# [Goal of the exercise]
Only the lines from the one that contains "Original Retro Brand" to the end of the material below are wanted, each duplicated exactly.

───── Data supplied ─────

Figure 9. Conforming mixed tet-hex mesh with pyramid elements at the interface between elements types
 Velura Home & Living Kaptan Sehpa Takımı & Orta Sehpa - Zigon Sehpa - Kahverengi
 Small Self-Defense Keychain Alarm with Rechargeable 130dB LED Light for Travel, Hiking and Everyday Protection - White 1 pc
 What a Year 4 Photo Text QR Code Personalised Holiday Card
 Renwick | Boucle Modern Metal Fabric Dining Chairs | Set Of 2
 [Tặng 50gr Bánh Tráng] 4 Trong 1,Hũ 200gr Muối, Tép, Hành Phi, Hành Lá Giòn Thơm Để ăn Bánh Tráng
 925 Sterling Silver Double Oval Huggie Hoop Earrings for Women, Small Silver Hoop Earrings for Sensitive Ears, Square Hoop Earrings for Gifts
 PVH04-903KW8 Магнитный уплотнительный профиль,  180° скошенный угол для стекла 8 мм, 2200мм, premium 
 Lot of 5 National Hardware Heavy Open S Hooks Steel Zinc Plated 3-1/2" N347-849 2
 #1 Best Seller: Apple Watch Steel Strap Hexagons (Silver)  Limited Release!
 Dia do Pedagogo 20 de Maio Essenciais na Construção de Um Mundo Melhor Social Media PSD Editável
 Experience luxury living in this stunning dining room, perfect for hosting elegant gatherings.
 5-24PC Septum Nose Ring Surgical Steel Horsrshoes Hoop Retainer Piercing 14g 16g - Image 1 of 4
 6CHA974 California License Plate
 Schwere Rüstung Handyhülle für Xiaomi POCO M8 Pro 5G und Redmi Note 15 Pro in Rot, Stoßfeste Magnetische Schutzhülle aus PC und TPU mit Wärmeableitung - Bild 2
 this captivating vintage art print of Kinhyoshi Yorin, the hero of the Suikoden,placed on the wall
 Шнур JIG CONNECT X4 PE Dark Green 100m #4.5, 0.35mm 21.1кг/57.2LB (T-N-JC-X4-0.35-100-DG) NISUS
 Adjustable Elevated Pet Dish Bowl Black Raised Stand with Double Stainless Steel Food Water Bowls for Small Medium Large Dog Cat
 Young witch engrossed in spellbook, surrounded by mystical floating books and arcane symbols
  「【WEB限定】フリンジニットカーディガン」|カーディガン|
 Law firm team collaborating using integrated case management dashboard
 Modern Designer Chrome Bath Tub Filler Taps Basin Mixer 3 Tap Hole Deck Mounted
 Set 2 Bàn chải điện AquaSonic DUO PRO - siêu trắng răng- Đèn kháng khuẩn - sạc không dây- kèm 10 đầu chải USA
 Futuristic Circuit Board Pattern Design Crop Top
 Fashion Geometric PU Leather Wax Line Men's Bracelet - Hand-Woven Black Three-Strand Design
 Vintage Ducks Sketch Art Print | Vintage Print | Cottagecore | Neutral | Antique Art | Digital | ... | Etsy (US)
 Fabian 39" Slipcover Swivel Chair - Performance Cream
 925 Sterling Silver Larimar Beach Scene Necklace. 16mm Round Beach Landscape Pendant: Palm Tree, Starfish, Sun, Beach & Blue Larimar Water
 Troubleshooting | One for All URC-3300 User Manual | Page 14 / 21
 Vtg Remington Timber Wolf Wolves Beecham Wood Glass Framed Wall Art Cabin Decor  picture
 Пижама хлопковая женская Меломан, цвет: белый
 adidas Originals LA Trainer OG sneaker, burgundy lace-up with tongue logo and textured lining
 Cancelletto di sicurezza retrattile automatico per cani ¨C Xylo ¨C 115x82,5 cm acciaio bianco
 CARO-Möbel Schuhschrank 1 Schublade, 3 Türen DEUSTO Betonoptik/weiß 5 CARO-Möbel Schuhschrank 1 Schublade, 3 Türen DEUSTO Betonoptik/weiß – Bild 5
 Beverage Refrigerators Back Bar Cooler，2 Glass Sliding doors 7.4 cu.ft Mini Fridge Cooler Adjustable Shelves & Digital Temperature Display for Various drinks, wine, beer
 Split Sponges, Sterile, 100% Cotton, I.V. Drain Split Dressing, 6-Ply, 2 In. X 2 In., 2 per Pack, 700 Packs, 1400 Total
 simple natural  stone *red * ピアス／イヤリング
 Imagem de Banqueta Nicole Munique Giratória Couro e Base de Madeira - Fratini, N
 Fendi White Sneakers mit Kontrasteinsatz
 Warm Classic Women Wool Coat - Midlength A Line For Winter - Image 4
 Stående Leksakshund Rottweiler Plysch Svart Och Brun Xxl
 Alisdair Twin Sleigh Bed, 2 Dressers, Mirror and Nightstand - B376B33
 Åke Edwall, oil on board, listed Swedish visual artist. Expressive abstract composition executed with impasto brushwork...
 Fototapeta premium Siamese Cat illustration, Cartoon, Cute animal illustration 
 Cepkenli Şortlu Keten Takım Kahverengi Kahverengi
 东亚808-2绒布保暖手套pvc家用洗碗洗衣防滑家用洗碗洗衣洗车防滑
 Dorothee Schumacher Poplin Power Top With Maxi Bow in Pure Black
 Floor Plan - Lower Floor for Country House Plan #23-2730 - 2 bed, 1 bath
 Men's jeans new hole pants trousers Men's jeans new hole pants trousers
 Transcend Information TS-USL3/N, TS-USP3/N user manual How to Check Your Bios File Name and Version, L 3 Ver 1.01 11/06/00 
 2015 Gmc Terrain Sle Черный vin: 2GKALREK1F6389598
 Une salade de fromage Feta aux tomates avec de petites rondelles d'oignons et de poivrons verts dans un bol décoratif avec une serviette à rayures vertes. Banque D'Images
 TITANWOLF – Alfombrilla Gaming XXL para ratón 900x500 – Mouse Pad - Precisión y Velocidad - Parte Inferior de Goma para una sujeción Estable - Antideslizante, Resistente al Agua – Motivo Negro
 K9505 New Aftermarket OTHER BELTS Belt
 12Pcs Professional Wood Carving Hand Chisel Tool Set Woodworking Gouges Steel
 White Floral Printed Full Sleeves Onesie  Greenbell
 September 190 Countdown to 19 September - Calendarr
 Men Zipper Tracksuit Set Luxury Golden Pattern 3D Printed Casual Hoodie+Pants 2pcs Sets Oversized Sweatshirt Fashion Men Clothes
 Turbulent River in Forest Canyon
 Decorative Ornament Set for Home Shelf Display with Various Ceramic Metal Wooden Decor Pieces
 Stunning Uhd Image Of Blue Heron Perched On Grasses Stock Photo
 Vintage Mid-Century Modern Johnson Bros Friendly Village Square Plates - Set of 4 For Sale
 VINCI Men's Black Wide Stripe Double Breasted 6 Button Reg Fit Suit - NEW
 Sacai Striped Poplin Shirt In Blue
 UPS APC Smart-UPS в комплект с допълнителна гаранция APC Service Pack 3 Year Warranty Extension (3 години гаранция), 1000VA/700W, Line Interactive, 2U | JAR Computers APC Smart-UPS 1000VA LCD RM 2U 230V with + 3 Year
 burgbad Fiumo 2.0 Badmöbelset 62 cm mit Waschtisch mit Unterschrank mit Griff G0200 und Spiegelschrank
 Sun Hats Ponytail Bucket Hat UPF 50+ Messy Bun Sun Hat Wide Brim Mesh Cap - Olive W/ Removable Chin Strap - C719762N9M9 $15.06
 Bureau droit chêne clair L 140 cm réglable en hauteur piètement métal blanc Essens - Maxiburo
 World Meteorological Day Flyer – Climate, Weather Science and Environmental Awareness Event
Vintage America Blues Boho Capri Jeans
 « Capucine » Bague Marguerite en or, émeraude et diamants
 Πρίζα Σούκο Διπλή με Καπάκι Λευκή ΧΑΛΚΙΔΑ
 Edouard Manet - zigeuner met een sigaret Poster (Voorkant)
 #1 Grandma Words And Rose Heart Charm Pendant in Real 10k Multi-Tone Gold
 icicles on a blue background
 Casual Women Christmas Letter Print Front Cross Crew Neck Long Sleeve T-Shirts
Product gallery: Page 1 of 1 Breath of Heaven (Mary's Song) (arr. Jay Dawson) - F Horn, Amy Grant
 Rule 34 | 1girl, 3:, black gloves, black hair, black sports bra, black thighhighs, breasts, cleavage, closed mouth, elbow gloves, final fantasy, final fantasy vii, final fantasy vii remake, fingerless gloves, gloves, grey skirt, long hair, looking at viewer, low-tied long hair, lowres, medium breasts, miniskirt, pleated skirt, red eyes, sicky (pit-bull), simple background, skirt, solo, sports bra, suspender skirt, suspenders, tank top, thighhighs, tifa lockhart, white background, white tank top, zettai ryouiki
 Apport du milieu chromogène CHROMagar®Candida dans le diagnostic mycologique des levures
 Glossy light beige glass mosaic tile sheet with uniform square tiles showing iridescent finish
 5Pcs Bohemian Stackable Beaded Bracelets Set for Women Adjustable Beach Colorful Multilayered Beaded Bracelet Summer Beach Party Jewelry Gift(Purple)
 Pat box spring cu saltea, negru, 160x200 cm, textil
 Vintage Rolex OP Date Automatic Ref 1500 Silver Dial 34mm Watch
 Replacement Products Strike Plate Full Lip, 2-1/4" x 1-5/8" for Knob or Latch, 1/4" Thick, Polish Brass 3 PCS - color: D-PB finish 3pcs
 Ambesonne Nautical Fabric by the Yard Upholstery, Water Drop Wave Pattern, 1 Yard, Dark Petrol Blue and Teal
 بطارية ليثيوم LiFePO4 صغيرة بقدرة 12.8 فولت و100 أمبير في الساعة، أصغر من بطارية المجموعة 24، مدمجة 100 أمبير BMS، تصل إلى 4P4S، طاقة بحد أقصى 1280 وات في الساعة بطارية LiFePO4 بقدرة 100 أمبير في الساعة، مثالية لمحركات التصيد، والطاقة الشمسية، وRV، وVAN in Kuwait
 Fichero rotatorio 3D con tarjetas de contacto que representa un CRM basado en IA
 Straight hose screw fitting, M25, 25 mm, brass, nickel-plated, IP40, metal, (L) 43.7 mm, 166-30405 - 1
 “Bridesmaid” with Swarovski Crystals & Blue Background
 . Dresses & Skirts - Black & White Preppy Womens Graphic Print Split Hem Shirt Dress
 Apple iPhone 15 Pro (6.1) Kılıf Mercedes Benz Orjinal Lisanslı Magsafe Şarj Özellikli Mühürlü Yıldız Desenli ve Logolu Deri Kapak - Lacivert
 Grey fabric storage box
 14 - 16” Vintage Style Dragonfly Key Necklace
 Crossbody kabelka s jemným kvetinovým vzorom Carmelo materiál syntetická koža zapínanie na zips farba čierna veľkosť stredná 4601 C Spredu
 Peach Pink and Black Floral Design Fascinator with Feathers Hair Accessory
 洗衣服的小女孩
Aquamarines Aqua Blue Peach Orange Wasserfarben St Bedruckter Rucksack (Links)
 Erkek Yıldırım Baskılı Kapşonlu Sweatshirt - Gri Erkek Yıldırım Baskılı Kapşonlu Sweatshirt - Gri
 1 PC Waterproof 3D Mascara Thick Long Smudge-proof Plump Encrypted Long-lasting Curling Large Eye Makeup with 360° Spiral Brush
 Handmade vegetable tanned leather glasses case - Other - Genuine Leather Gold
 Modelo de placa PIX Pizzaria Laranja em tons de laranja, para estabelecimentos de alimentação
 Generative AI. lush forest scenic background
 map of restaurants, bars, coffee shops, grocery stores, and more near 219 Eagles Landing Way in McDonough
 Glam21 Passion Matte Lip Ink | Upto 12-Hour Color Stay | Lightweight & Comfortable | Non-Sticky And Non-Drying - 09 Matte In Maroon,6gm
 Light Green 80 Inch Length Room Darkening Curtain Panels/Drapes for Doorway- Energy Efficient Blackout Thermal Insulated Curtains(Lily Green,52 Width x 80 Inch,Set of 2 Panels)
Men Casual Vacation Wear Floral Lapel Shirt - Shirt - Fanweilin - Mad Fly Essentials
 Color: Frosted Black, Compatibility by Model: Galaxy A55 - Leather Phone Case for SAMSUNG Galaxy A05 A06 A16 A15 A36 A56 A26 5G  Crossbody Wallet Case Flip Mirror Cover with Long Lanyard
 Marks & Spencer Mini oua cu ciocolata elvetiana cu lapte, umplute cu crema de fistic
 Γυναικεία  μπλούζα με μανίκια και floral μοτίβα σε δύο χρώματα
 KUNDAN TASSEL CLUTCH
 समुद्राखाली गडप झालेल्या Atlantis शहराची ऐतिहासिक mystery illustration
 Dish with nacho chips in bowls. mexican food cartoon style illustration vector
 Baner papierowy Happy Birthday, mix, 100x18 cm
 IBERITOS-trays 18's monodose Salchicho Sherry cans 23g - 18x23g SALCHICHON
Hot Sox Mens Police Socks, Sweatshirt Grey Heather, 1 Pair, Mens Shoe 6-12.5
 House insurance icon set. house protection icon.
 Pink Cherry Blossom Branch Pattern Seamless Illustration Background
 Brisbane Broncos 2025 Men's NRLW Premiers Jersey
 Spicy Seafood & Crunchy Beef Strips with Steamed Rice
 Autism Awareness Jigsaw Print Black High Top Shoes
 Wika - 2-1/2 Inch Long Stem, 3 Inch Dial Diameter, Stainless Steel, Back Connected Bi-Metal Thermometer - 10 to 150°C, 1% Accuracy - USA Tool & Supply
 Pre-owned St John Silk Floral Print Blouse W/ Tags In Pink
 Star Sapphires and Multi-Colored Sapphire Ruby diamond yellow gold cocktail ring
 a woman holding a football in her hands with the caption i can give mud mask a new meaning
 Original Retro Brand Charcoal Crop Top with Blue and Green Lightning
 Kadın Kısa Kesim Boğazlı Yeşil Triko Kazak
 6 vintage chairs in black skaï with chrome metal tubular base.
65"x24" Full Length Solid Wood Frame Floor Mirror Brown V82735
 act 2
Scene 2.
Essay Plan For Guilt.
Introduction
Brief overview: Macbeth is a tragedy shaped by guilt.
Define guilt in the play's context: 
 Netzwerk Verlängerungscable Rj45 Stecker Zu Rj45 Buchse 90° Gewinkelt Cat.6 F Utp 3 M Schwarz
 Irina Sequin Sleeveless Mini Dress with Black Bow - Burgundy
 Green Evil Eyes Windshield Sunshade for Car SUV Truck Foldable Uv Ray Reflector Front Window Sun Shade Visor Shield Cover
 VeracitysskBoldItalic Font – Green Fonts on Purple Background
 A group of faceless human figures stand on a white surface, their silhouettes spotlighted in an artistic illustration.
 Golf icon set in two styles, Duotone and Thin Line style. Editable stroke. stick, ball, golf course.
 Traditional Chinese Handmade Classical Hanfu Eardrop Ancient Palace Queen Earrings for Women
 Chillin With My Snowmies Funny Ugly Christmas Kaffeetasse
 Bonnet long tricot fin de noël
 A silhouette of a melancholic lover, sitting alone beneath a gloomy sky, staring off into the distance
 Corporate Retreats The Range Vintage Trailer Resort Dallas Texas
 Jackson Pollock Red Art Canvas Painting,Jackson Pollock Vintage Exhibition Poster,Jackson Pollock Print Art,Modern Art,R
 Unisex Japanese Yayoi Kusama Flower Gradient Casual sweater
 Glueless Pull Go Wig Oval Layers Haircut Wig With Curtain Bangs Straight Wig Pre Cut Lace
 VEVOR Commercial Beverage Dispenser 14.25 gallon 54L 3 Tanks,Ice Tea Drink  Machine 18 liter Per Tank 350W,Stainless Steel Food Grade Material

─────

# [Result for this task]
 Original Retro Brand Charcoal Crop Top with Blue and Green Lightning
 Kadın Kısa Kesim Boğazlı Yeşil Triko Kazak
 6 vintage chairs in black skaï with chrome metal tubular base.
65"x24" Full Length Solid Wood Frame Floor Mirror Brown V82735
 act 2
Scene 2.
Essay Plan For Guilt.
Introduction
Brief overview: Macbeth is a tragedy shaped by guilt.
Define guilt in the play's context: 
 Netzwerk Verlängerungscable Rj45 Stecker Zu Rj45 Buchse 90° Gewinkelt Cat.6 F Utp 3 M Schwarz
 Irina Sequin Sleeveless Mini Dress with Black Bow - Burgundy
 Green Evil Eyes Windshield Sunshade for Car SUV Truck Foldable Uv Ray Reflector Front Window Sun Shade Visor Shield Cover
 VeracitysskBoldItalic Font – Green Fonts on Purple Background
 A group of faceless human figures stand on a white surface, their silhouettes spotlighted in an artistic illustration.
 Golf icon set in two styles, Duotone and Thin Line style. Editable stroke. stick, ball, golf course.
 Traditional Chinese Handmade Classical Hanfu Eardrop Ancient Palace Queen Earrings for Women
 Chillin With My Snowmies Funny Ugly Christmas Kaffeetasse
 Bonnet long tricot fin de noël
 A silhouette of a melancholic lover, sitting alone beneath a gloomy sky, staring off into the distance
 Corporate Retreats The Range Vintage Trailer Resort Dallas Texas
 Jackson Pollock Red Art Canvas Painting,Jackson Pollock Vintage Exhibition Poster,Jackson Pollock Print Art,Modern Art,R
 Unisex Japanese Yayoi Kusama Flower Gradient Casual sweater
 Glueless Pull Go Wig Oval Layers Haircut Wig With Curtain Bangs Straight Wig Pre Cut Lace
 VEVOR Commercial Beverage Dispenser 14.25 gallon 54L 3 Tanks,Ice Tea Drink  Machine 18 liter Per Tank 350W,Stainless Steel Food Grade Material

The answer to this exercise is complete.